God is simply great. Now I'm appreciating my mother (more than earlier) for her patience in giving life and raising us.

By the way, I call my baby with name "Adhrit" and my husband as "Nirupama". This one name is not constant. We do call the baby with different names daily. Like Maruthi, Prasanna, Neha... list goes on.

Wednesday, April 22, 2009

FirstDays

Me and my husband are so happy to hear the news. Our little one is coming sooooooon.....
Not so soon though. Have to wait for 9months :)
The very next day, shared the news with my family members, parents and in-laws. Tons of suggestions followed. Everyone is talking of their grand one!
For 2 weeks i.e. till 6th week, I didn't have any reaction except dizziness and getting tired soon. For all these days, I kept hearing experiences from my sister and friends. I was wondering whether my baby is doing fine because I didn't see any of these!
From 7th week onwards, vomittings are started. These are so severe that I hardly can keep anything including water. I tried to taste different food but hate everything. Rice smell is so strong, and fruits and vegetables are also added to my aversion list.

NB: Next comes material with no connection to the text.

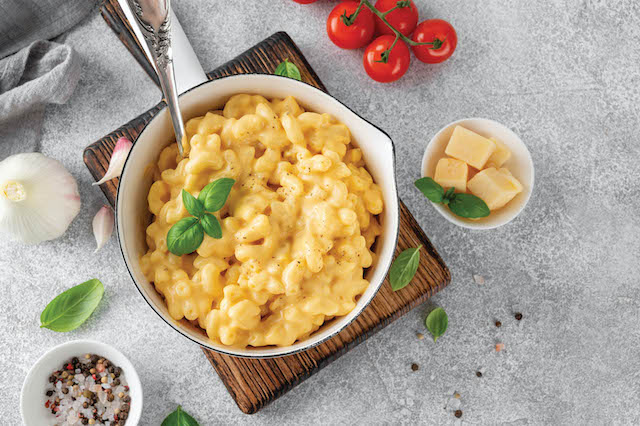 Mac and cheese cu 4 feluri de brânză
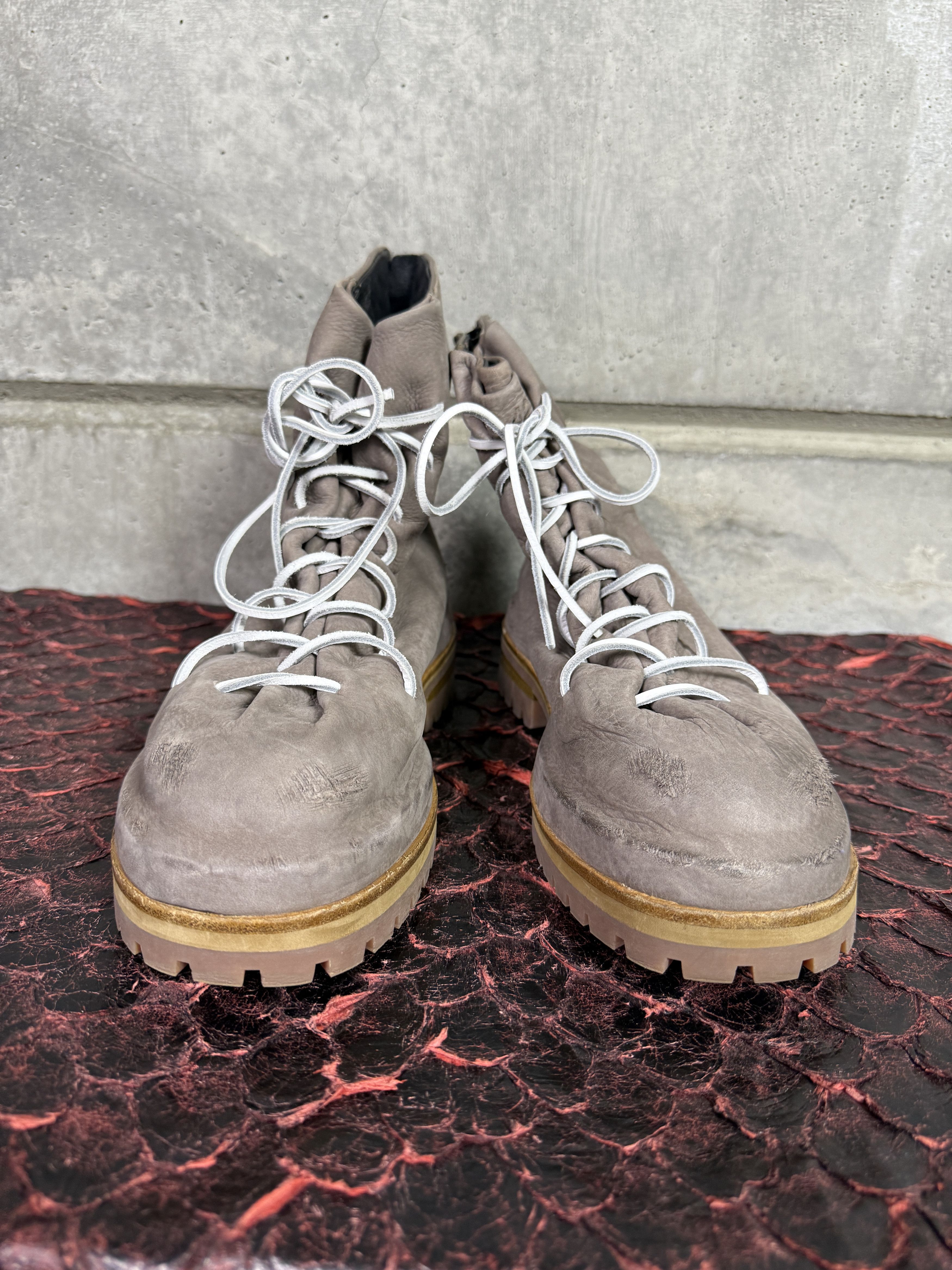 424 $1490 424 Dusty Nude Nabuk Leather Laced Up Marathon Boot Size US 8 / EU 41 - 8 Thumbnail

Most of the time, I kept eating chapathi with Amla or mango pickle, green mango with salt and chilli powder. Tried to drink glucose water for most of the time. 2 weeks are passed by.
10th week, don't have mood for chapathi. So started sona masoori rice with pickles.

I kept taking prenatal vitamins (though changed many, finally settled to one brand :))
My doctor prescribed Calcium and Usana Omega 3 tablets too. But most of the time, I'm not taking these.